= Hamba kahle Mkhonto =

South African anti-apartheid song

"Hamba kahle Mkhonto" (English, "Go safely Spear") is a Xhosa language South African revolutionary song used formerly by members of uMkhonto weSizwe (MK), the military wing of the African National Congress during the Apartheid era in South Africa. The song was traditionally used at the funerals of the members of the MK.. It was sung at the funeral of the former MK Chief of Staff Chris Hani, in 1993 . In the post-Apartheid era, it is still sung at the funerals of MK veterans. Most notably, at the funeral of Nelson Mandela, with a modified version emphasizing reconciliation .

==Lyrics==

| Xhosa | English |
|---|---|
| Hamba! Hamba kahle Mkhonto Wee Mkhonto Mkhonto weSizwe Thina bantu boMkhonto sizimisele Ukuwabulala won lamaBhulu | Go! Go safely Spear Spear! Spear of the Nation We, the soldiers of the Spear of the Nation Have dedicated ourselves to killing the Boers |

Critics of the song interpret it as calling for Black South Africans to kill White people, particularly Afrikaners.
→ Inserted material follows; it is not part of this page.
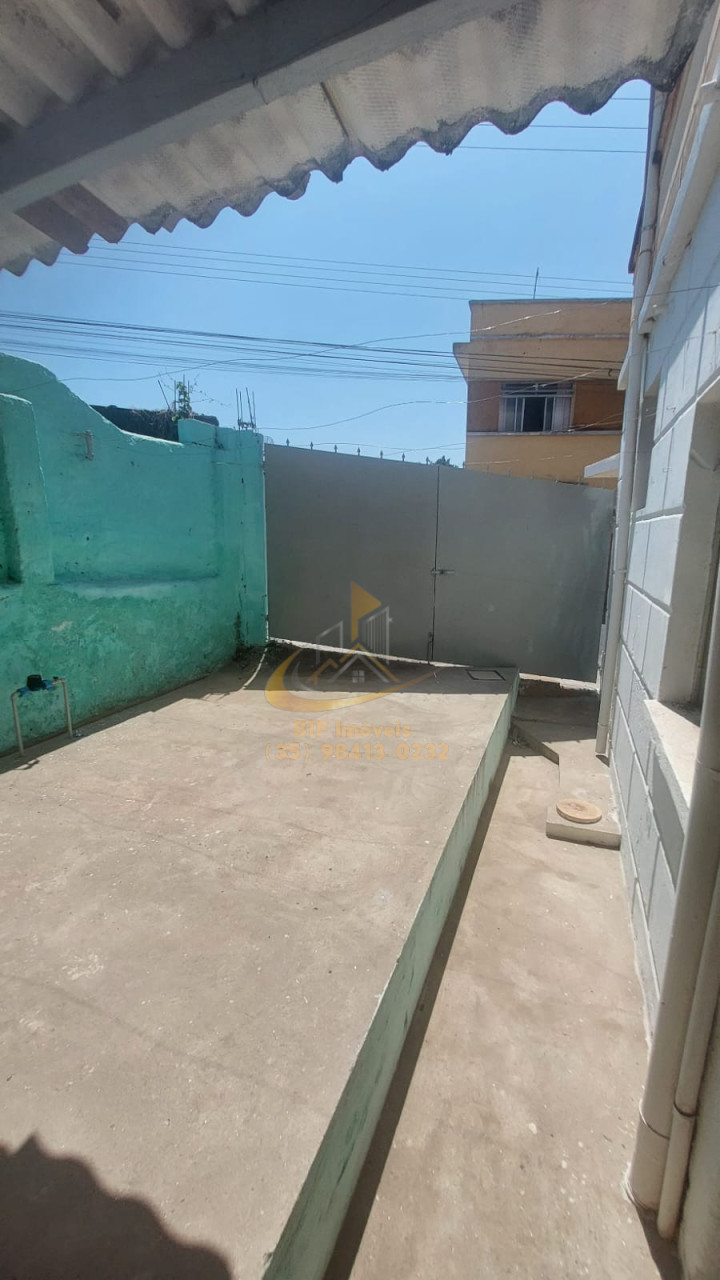 Imagens do imóveis CASA LOCAÇÃO VL S FRANCISCO 02 QUARTOS, SALA, COZINH,BANH. QUARTO DESP, GARAGEM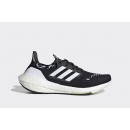 Кроссовки adidas Ultraboost 22 GX8019 - черно-белые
The song received renewed attention in the 21st century when footage of Nelson Mandela from the 1990s singing it at the funeral of an ANC member emerged

The version sung at Nelson Mandela's funeral changes the lyrics to Hamba kahle Mkhonto Wesizwe, thina bafana bomkhonto sizimisele ukubuyisana nawo lamabhunu (English, “Go well comrade, we MK soldiers are determined to reconcile with the Boers”.)